Is music religion? Maybe house music is. And then there’s this report on Prince—musician and Jehovah’s Witness.
The Dalai Lama turned 75 on Tuesday with a celebration full of dancing and music. The Huffington Post’s Jonathan Green says the Dalai Lama has a message of peace, prosperity and human rights for the West. Beijing is claiming that the Chinese central government will approve the nomination of the next Dalai Lama. Though the current Dalai Lama doesn’t see himself going anywhere anytime soon: “Even at this age, I find time for my Buddhist studies that give me strength, peace, happiness and keep me in good health.”
Two deaths of note: Nasr Abu Zayd, an Egpytian scholar known for his liberal and critical approach to the Qu’ran, passed away on Monday at the age of 66. Zayd applied a literary-critical method of study to the Qu’ran that often ran afoul many more conservative Muslim leaders. Painter of famous scenes from the Book of Mormon, Arnold Friberg, died in Salt Lake City at the age of 96 last week. Meanwhile, one New Yorker found a tombstone on the sidewalk and began a quest to find its rightful owner.

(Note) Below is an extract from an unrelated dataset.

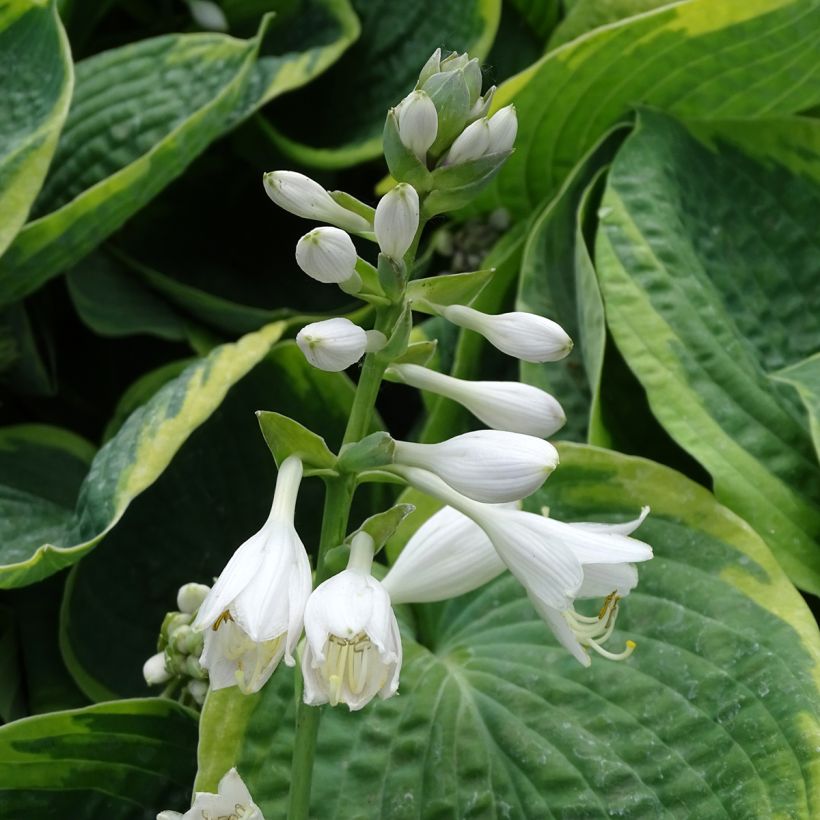 Hosta sieboldiana Frances williams - Garten-Funkie (Blüte)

HBO’s new documentary No One Dies in Lily Dale details the lives of Spiritualists in the town of Lily Dale, New York. Spiritualism arose in the nineteenth century among women mediums who channeled messages from the dead. Then, as now, the tradition has been dominated by women and was a chance for women to have a public voice in the midst of the Victorian cult of domesticity.

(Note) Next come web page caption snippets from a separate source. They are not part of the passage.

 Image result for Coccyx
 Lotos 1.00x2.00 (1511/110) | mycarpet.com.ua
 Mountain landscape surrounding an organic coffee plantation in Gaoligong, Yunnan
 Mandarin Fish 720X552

Have no fear, though, for good ole fashioned masculine muscular Christianity survives—literally. Bear Grylls, the host of Man vs. Wild on the Discovery Channel does what every guy named Bear would do, he puts himself in impossibly difficult environments and relies on his wits to survive. But Grylls is doing it for the Lord. “It’s about being strengthened. It’s about having a backbone run through you from the Person who made you. It’s about being able to climb the biggest mountains in the world with the Person who made them.” In theaters, Twilight continues to thread Mormon themes into vampire romance.
A suicide bomber in Pakistan killed 42 people in an attack on a Sufi shrine in Lahore. The attack comes as more militant Muslims continue to pressure more moderate strands of Islam in the country. Meanwhile, over at On Faith, Chris Seiple offers a look at the morals at stake in the continued violence of the Afghanistan war.

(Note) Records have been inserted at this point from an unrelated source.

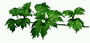 Temno zeleno listje z olajšavo nervate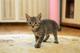 Котенок-мальчик крошка Спрайт в добрые руки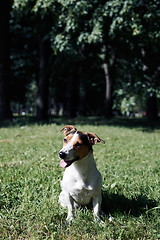 Image showing Funny dog sitting in park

Two new books on anti-Semitism prove that it is still a relevant topic. And philo-Semitism is still around as well. Fundamentalists and other conservative Christians unite with conservative Jews in Zionist hopes and millennial visions. On the other end of the Jewish specturum, another bridge builder, Rabbi Peter Knobel, retires at age 67.
Quince Mountain details sexuality, desire, and church camp over at Killing the Buddha. While Salon offers a look at a Nevada megachurch that continues its support of those promoting the Ugandan “kill the gays” bill. Is the Church of England going to get its first gay Bishop? Maybe. Spain is getting its first LBGT church. The Metropolitan Community Churches will open a congregation in Madrid later this year and will be the first Spanish church to celebrate same-sex marriages.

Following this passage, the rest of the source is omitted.